To see Dennis Smeaton's "Tons of Cod Fish" video, referenced in this story, click here.
The scene is Triton, Newfoundland, on Dec. 14, 2010, and the picture is cod, cod, cod and more cod, as far as the eye of Dennis Smeaton's video camera could see.
Tons of Maritime Canada and New England's founding fish are packed into a tight school, bank to bank in the Triton village cove.
A veteran videographer, Smeaton and his neighbors on the dock, employees of the fish processing plant in Triton, are fascinated but hardly flabbergasted by what they're seeing.
It's the pre-Christmas in-shore arrival of hoards of cod — in a sector of the north central Atlantic that some authors and environmental groups insist are fished-out marine disaster areas — a common, though irregular occurrence.

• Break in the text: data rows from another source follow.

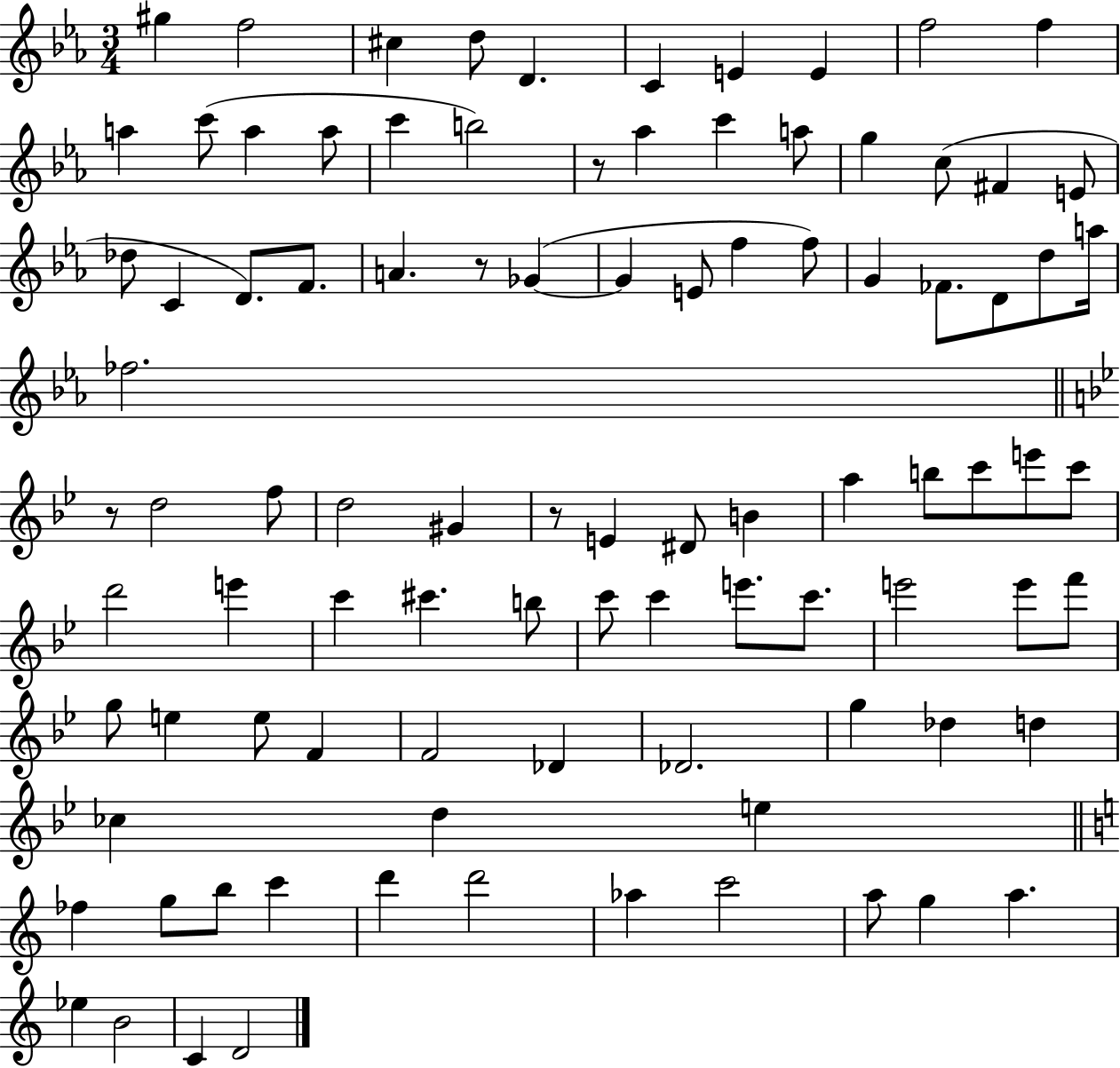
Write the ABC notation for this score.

X:1
T:Untitled
M:3/4
L:1/4
K:Eb
^g f2 ^c d/2 D C E E f2 f a c'/2 a a/2 c' b2 z/2 _a c' a/2 g c/2 ^F E/2 _d/2 C D/2 F/2 A z/2 _G _G E/2 f f/2 G _F/2 D/2 d/2 a/4 _f2 z/2 d2 f/2 d2 ^G z/2 E ^D/2 B a b/2 c'/2 e'/2 c'/2 d'2 e' c' ^c' b/2 c'/2 c' e'/2 c'/2 e'2 e'/2 f'/2 g/2 e e/2 F F2 _D _D2 g _d d _c d e _f g/2 b/2 c' d' d'2 _a c'2 a/2 g a _e B2 C D2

"We've seen in many winters the small dense aggregation of cod in these basins," said John Brattey, a research scientist with the Cod Assessment Group at the Canadian Department of Fisheries in St. John, Newfoundland.
"We're not sure why they do it," he continued, noting that seals or whales might chase them in, as illustrated by a 1996 Smeaton video of a trio of humpback whales having their way with a school at the same proximity to the town dock — close enough to touch.

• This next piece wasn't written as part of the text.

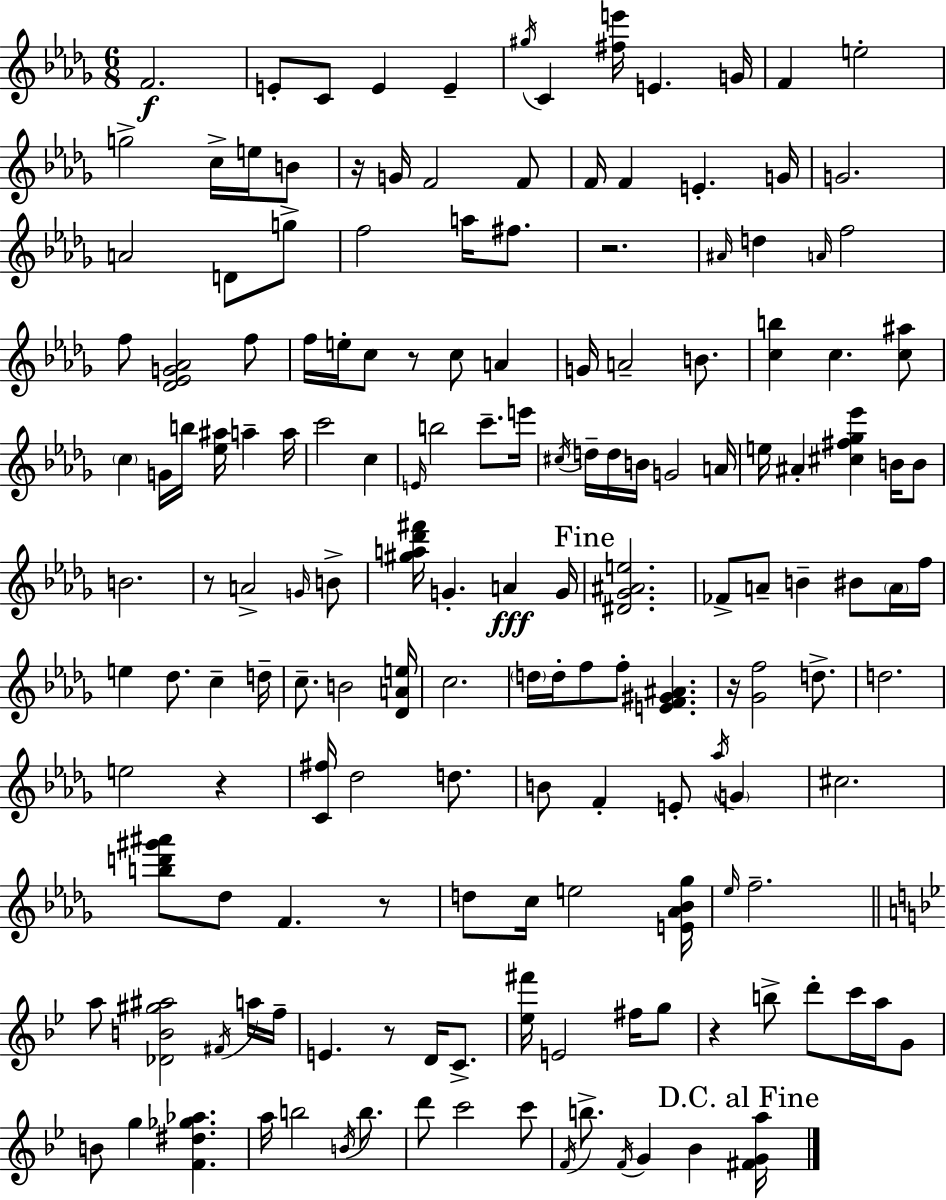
F4/h. E4/e C4/e E4/q E4/q G#5/s C4/q [F#5,E6]/s E4/q. G4/s F4/q E5/h G5/h C5/s E5/s B4/e R/s G4/s F4/h F4/e F4/s F4/q E4/q. G4/s G4/h. A4/h D4/e G5/e F5/h A5/s F#5/e. R/h. A#4/s D5/q A4/s F5/h F5/e [Db4,Eb4,G4,Ab4]/h F5/e F5/s E5/s C5/e R/e C5/e A4/q G4/s A4/h B4/e. [C5,B5]/q C5/q. [C5,A#5]/e C5/q G4/s B5/s [Eb5,A#5]/s A5/q A5/s C6/h C5/q E4/s B5/h C6/e. E6/s C#5/s D5/s D5/s B4/s G4/h A4/s E5/s A#4/q [C#5,F#5,Gb5,Eb6]/q B4/s B4/e B4/h. R/e A4/h G4/s B4/e [G#5,A5,Db6,F#6]/s G4/q. A4/q G4/s [D#4,Gb4,A#4,E5]/h. FES4/e A4/e B4/q BIS4/e A4/s F5/s E5/q Db5/e. C5/q D5/s C5/e. B4/h [Db4,A4,E5]/s C5/h. D5/s D5/s F5/e F5/e [E4,F4,G#4,A#4]/q. R/s [Gb4,F5]/h D5/e. D5/h. E5/h R/q [C4,F#5]/s Db5/h D5/e. B4/e F4/q E4/e Ab5/s G4/q C#5/h. [B5,D6,G#6,A#6]/e Db5/e F4/q. R/e D5/e C5/s E5/h [E4,Ab4,Bb4,Gb5]/s Eb5/s F5/h. A5/e [Db4,B4,G#5,A#5]/h F#4/s A5/s F5/s E4/q. R/e D4/s C4/e. [Eb5,F#6]/s E4/h F#5/s G5/e R/q B5/e D6/e C6/s A5/s G4/e B4/e G5/q [F4,D#5,Gb5,Ab5]/q. A5/s B5/h B4/s B5/e. D6/e C6/h C6/e F4/s B5/e. F4/s G4/q Bb4/q [F#4,G4,A5]/s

Even at a moment when cod stocks in the Triton section of the Atlantic are at near historic lows — about 10 percent of the size of the stocks in the 1980s — and total landings were barely 3,000 tons, events like the one Smeaton captured on video are hardly rare.
"We see it most winters," Brattey said in a telephone interview, even while emphasizing that the return of such concentrations of cod to Newfoundland and Labrador are no sign the once-great schools have been fully restored.